The date of the Government’s proposal to implement an additional 3% Stamp duty charge is drawing ever closer. With just one more consultation period to navigate, this could mean the new criteria will come into effect on the 1st April 2016.
At present the tax is levied on the proportion of the purchase price above £125,000 (which is the current Nil Rate band for a residential purchase). The new system means buyers will be taxed on the whole purchase price. Which means, if you were to buy a property for £250,000, on this basis you would attract a Stamp duty charge of £10,000. This is significantly more than the equivalent charge of £2,500 for a standard residential purchase as it stands at the moment.
Don’t Panic quite yet. This will not affect everyone.

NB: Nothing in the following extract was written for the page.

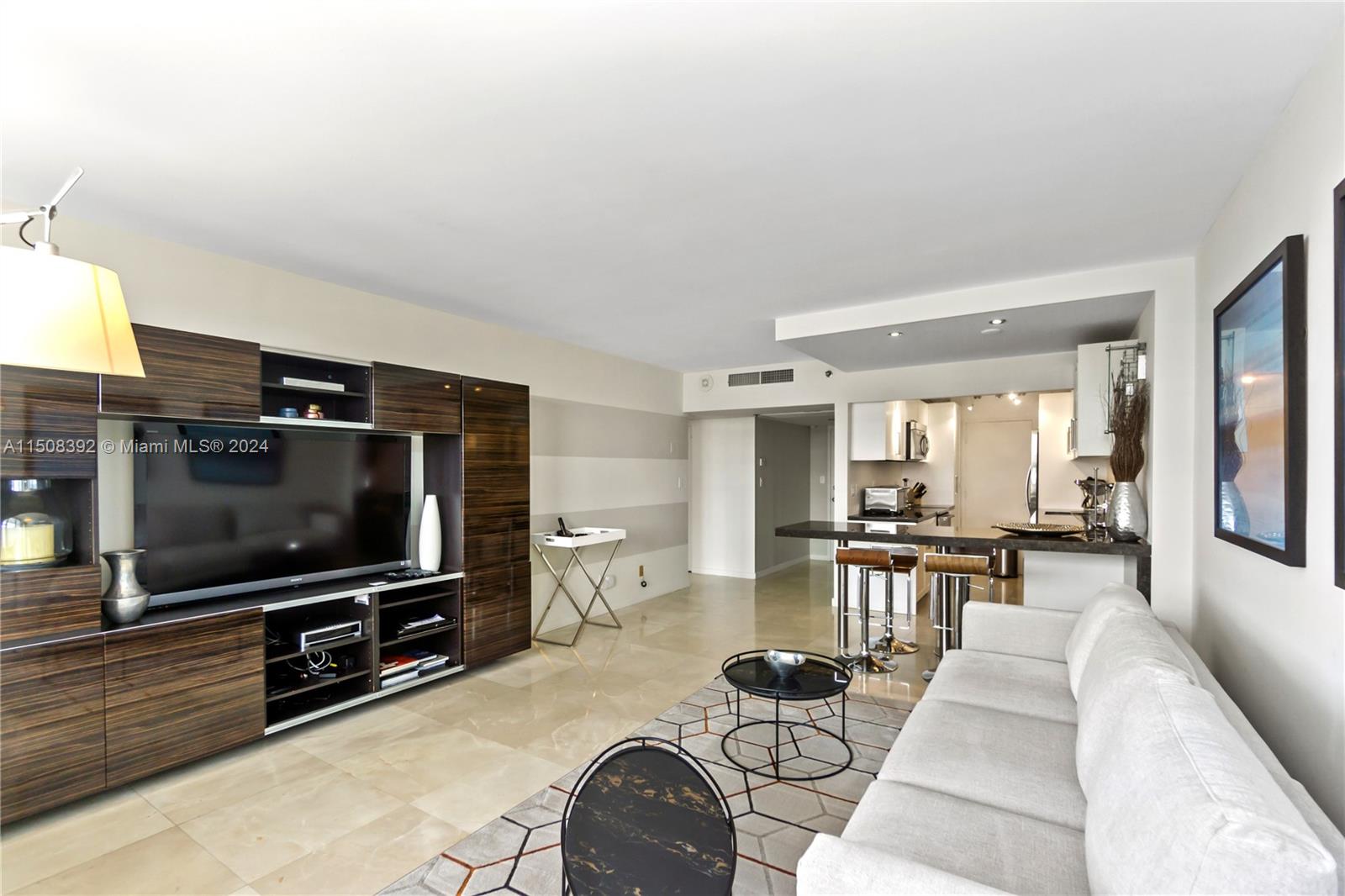 100 Lincoln Road, Unit 1202 Miami Beach, FL 33139 - Photo 2 of 23 a living room with furniture and a flat screen tv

The charge will be levied at anyone who is buying a property that is not for their residential use (i.e. a Buy to Let property), but also those people who ARE buying a property as their main residence but NOT selling their current residence simultaneously, a situation known as Let to Buy. Both of these are common scenarios for mortgage advisers to deal with, but there are other combinations that are as yet unclear as to whether they would fall under the legislation; the homeowner who had previously vacated their property and let it out and now wants to buy again, for example, or the divorcee who is still named on the ex-marital home but wants to buy a property of their own….
This new charge is part of a bigger plan to seemingly ‘free-up’ some of the property from the private rental sector and make it available to potential Homebuyers, but there is still a great deal of detail that needs to be clarified by the Government in a very short time, in order to avoid current homeowners from being unnecessarily penalised.